Problem to solve: Say how many lines in the records include the string "Elite", adding no other words.

Recorded data:
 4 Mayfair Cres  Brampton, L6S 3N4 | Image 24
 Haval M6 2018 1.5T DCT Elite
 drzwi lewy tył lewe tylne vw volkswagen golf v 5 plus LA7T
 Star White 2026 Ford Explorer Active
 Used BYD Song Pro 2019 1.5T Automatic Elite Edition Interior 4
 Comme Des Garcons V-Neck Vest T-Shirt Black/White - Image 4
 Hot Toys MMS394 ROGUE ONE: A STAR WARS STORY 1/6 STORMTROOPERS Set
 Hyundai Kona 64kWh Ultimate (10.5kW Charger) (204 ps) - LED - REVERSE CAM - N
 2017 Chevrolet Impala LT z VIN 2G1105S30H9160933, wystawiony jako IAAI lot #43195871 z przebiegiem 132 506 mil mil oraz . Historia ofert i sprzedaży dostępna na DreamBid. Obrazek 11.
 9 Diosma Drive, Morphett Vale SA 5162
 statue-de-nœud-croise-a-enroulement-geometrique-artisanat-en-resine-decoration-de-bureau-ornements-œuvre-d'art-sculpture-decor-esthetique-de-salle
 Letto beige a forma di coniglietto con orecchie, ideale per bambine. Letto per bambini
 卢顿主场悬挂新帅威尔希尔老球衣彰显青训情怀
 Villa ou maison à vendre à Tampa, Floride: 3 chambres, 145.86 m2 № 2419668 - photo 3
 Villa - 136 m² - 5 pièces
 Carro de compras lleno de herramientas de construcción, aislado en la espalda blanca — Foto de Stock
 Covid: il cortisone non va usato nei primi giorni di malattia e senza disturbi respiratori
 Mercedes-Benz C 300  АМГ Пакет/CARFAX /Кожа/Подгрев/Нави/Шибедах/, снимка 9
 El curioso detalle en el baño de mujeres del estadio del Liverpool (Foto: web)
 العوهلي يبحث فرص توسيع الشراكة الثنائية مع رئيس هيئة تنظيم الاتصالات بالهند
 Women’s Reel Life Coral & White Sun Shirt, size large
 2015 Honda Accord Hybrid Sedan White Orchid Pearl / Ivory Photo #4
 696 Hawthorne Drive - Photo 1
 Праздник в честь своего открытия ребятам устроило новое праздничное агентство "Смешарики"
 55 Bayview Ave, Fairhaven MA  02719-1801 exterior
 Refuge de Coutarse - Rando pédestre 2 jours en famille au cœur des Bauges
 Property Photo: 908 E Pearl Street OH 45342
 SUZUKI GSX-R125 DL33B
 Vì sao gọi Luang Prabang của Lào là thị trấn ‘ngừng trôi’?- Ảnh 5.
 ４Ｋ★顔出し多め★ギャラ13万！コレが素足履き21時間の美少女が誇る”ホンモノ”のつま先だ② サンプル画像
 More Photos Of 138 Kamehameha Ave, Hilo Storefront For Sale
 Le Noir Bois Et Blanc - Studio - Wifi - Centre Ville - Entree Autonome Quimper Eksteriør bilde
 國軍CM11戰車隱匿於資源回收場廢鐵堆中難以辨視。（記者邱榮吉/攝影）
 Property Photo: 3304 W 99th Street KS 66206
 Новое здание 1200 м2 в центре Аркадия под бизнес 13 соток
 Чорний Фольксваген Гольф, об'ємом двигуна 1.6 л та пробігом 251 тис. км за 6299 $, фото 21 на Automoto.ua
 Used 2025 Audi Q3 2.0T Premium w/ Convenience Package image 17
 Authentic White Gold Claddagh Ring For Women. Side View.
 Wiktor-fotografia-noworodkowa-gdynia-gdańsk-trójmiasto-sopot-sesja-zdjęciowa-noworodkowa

Result for this exercise: 2